**** Data for the task

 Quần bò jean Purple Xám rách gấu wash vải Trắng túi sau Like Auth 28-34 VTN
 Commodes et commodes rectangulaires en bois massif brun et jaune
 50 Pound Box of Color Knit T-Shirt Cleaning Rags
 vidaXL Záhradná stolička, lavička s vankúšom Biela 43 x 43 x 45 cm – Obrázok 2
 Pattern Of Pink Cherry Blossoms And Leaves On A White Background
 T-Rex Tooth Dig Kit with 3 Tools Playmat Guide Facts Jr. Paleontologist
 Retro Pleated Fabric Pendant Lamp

********
**** Data for the task

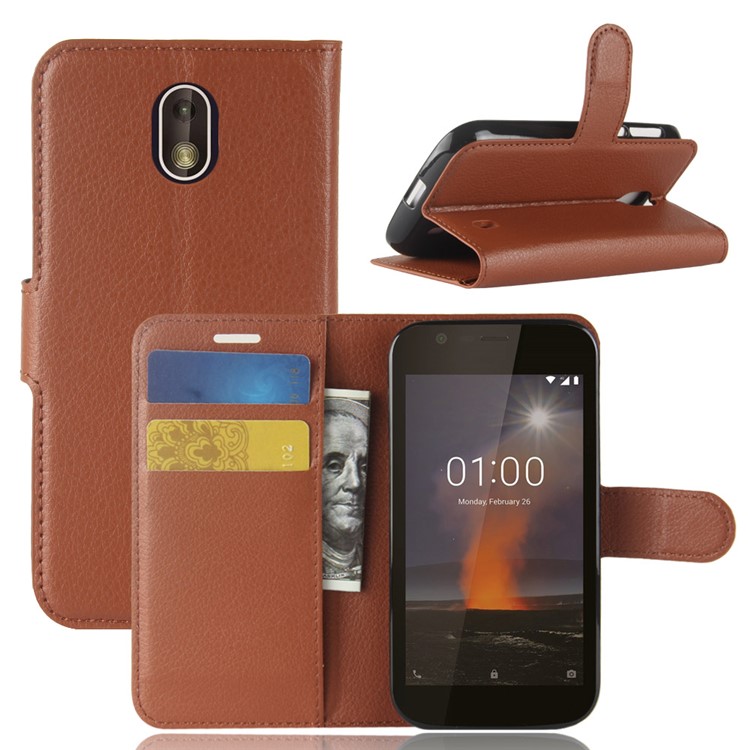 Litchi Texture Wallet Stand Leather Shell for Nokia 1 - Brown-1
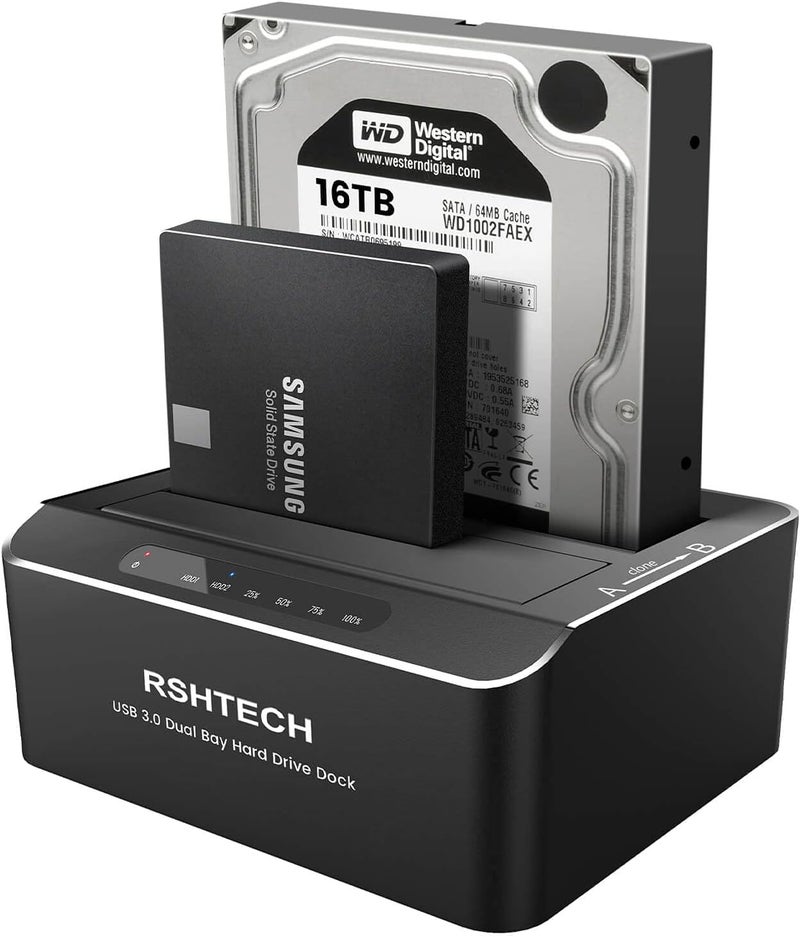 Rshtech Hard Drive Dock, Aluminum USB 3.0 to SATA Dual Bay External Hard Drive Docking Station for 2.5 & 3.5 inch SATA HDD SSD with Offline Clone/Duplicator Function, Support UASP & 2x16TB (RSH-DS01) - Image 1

********

Using the records above, write out exactly the lines between the one holding "T-Rex Tooth Dig" and the one holding "Retro Pleated Fabric Pendant Lamp", inclusive; leave everything else out.

 T-Rex Tooth Dig Kit with 3 Tools Playmat Guide Facts Jr. Paleontologist
 Retro Pleated Fabric Pendant Lamp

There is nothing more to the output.